ACTIVITY:
Your answer should consist of the lines in the data below that contain "Pattern".

DATASET CONTENT:
□ □ □ □ □ □ □

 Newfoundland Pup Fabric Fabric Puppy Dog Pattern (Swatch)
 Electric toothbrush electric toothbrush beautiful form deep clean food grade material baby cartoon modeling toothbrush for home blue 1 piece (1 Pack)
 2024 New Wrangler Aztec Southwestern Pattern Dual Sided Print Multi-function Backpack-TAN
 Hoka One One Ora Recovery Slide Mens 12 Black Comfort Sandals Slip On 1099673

□ □ □ □ □ □ □

WRITTEN SOLUTION:
 Newfoundland Pup Fabric Fabric Puppy Dog Pattern (Swatch)
 2024 New Wrangler Aztec Southwestern Pattern Dual Sided Print Multi-function Backpack-TAN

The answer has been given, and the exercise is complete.